1. What the solver does

At every DFS node:

Forward propagation to fixpoint. AC-3-style worklist over constraints, plus a parallel dirty-cell drain for CellMin-style counter rules. Continues until both queues are empty.
Trial-1 sweep with intra-sweep cascade. Walk open coords in degree-descending order (game.trial_order()). At each coord, hypothesize every candidate; any commit that propagates to a contradiction is recorded as a forced elimination. Eliminations are applied immediately and followed by an inline forward- propagation drain, before moving to the next coord.
Branch. If still InProgress, pick the first trial_order-ranked open coord and branch over its candidates. For binary domains (Akari) “smallest domain” MRV is degenerate (every open cell has 2 candidates) — degree is the heuristic that actually shrinks the search tree.

The undo log inside FastGame records every applied move; on exit from each DFS frame we pop exactly the count of moves applied at this level.

The same three-phase shape lives in the grader, except:

the grader runs in an outer loop instead of recursing;
the grader keeps a step trace tagged by RuleKind;
the grader never branches (trial-1 is its terminal technique).

The shared propagation routines are intentionally close to literal copies — keeping them divergent for tiny gains is more cost than it’s worth.

2. The FastGame / Propagator split

FastGame is intentionally minimal: per-coord candidate bitmasks, the coord_index / mark_to_bit lookups, the undo_stack, and an empty_count counter that lets status() short-circuit O(1) when no domain is empty. Apply and undo do the bit-flip + push/pop the undo log + maintain empty_count.

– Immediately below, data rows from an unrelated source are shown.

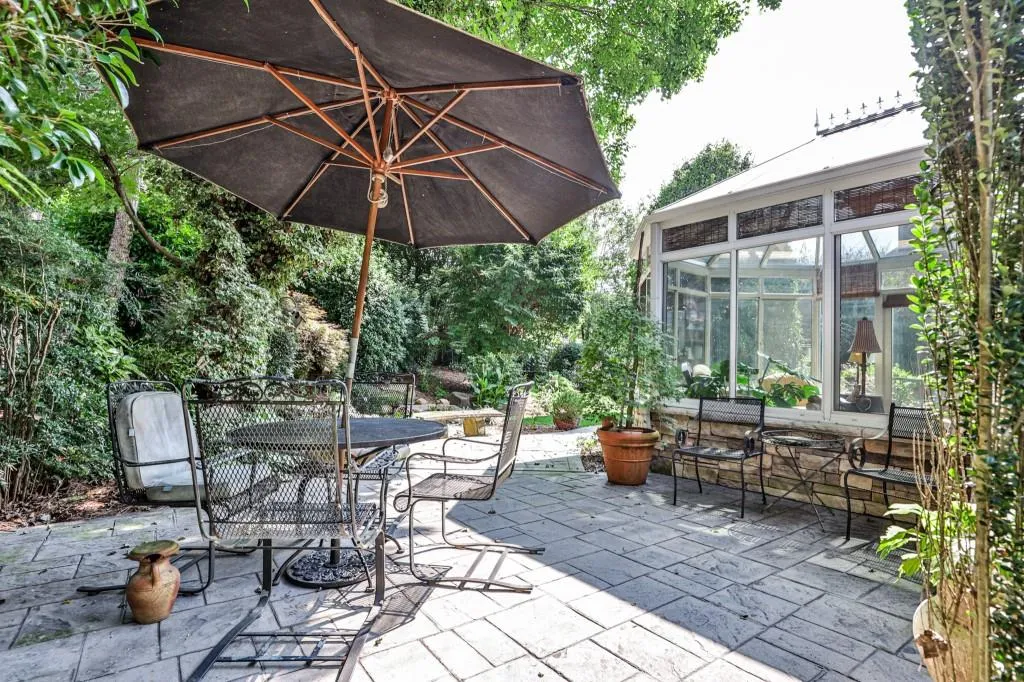 335 Craighead Drive, Sandy Springs, Georgia 30319, 4 Bedrooms Bedrooms, ,3 BathroomsBathrooms,Residential,Sold,335 Craighead Drive,6925272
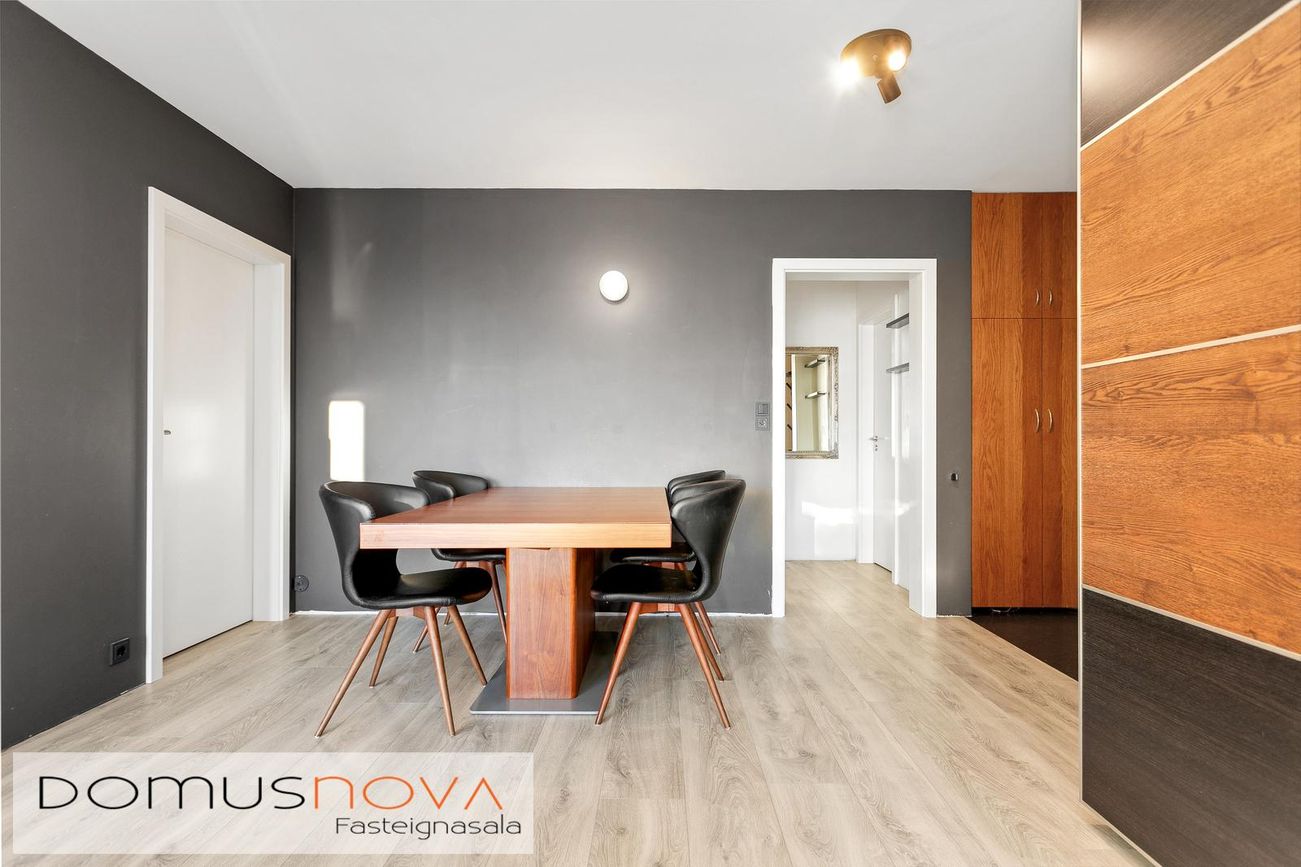 Hraunbær 128, 110 Reykjavík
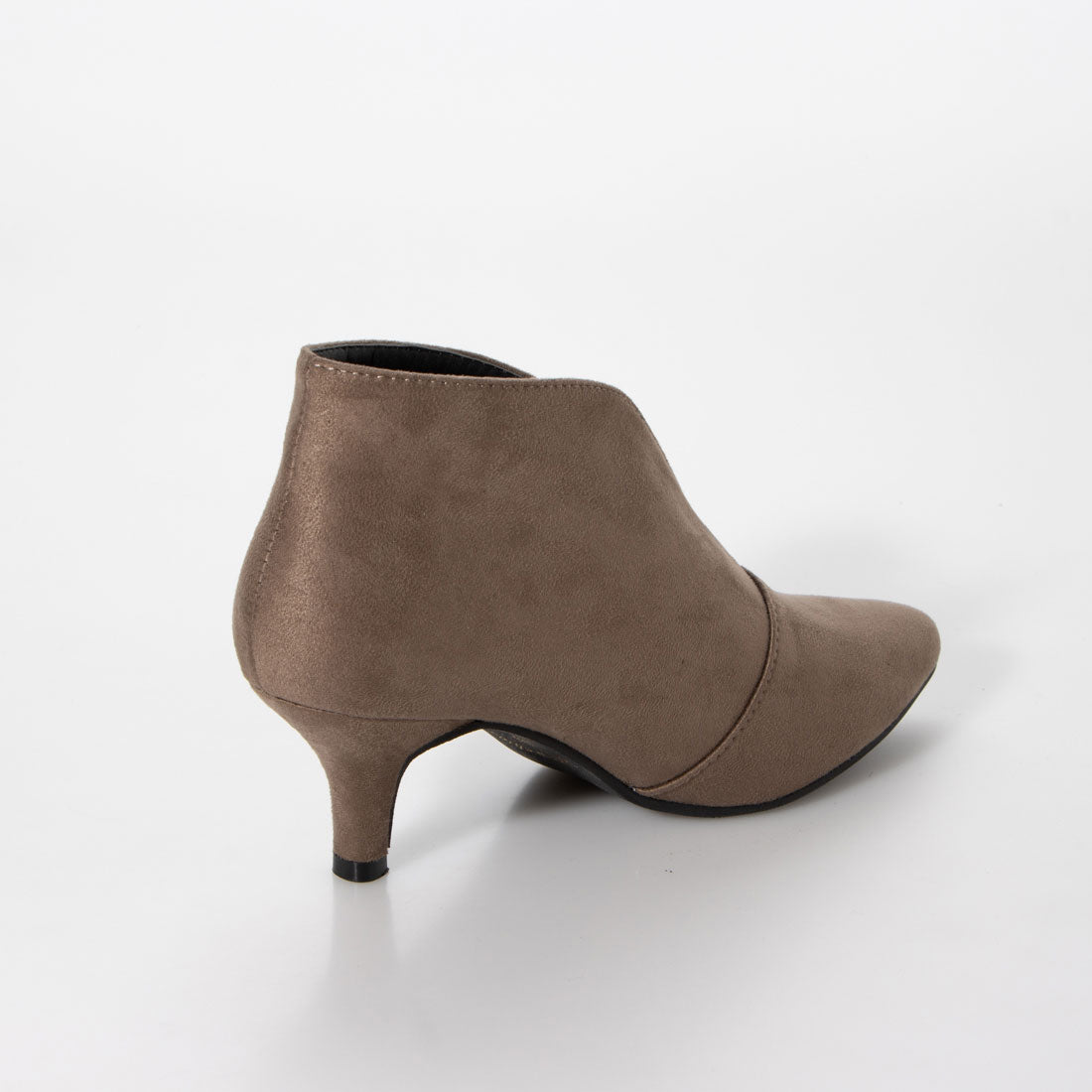 LiBERTYDOLL V-cut short booties with a beautiful silhouette and comfortable fit/5538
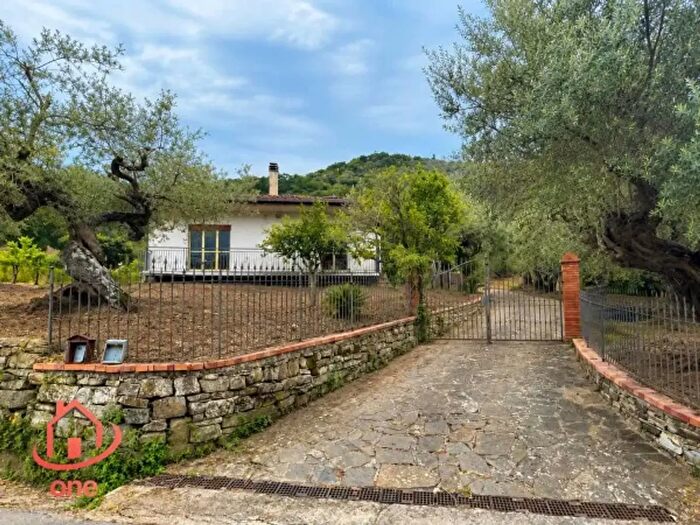 Casa con 5 locali in vendita in Via Angelo Malandrino, Perdifumo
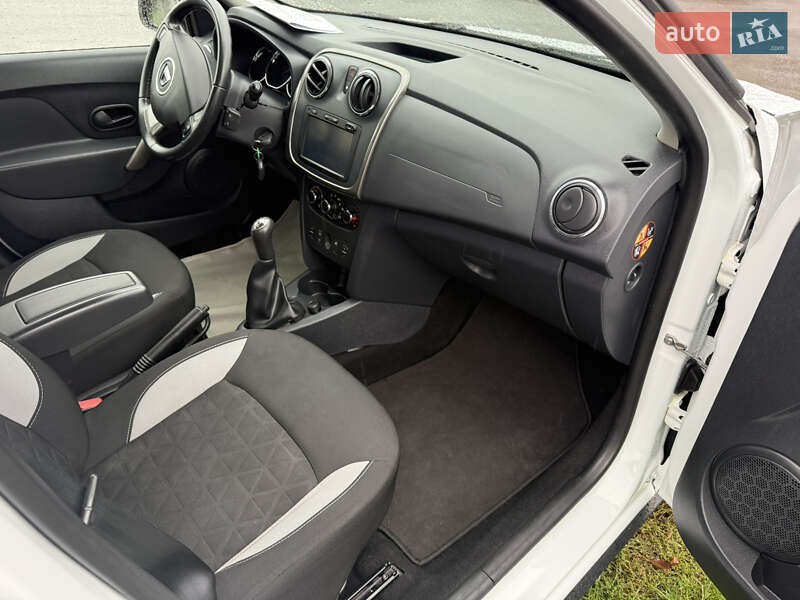 Позашляховик / Кросовер Dacia Sandero StepWay 2015 в Нововолинську фото 11 Позашляховик / Кросовер Dacia Sandero StepWay 2015 в Нововолинську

That’s it. status() walks all constraints with a slow per-region resolver — fine for tests and the brute-force Simple solver, slow on the hot path.

Propagator<'g, 'p> borrows &'g mut FastGame<'p> and owns every incremental cache. Its constructor builds coord_constraints, region_indices, trial_order, the per-counter inverse-reach maps, the lifted CellMin rule table, the per-constraint aggregates, and the per-cell counters — all from the game’s current candidate masks. After that, the propagator is the sole driver of apply / undo: each call flips the game’s bits, then walks the incremental updates against the (pre, post) mask delta.

The propagator keeps a parallel transition_log so undo can reverse cache deltas without inspecting the game’s undo stack — two stacks, kept in sync by the rule “only the propagator drives moves during a solve.” Anyone holding a &mut FastGame (player UI, parser tests, future slow grader) can still apply moves; they just don’t get the cache.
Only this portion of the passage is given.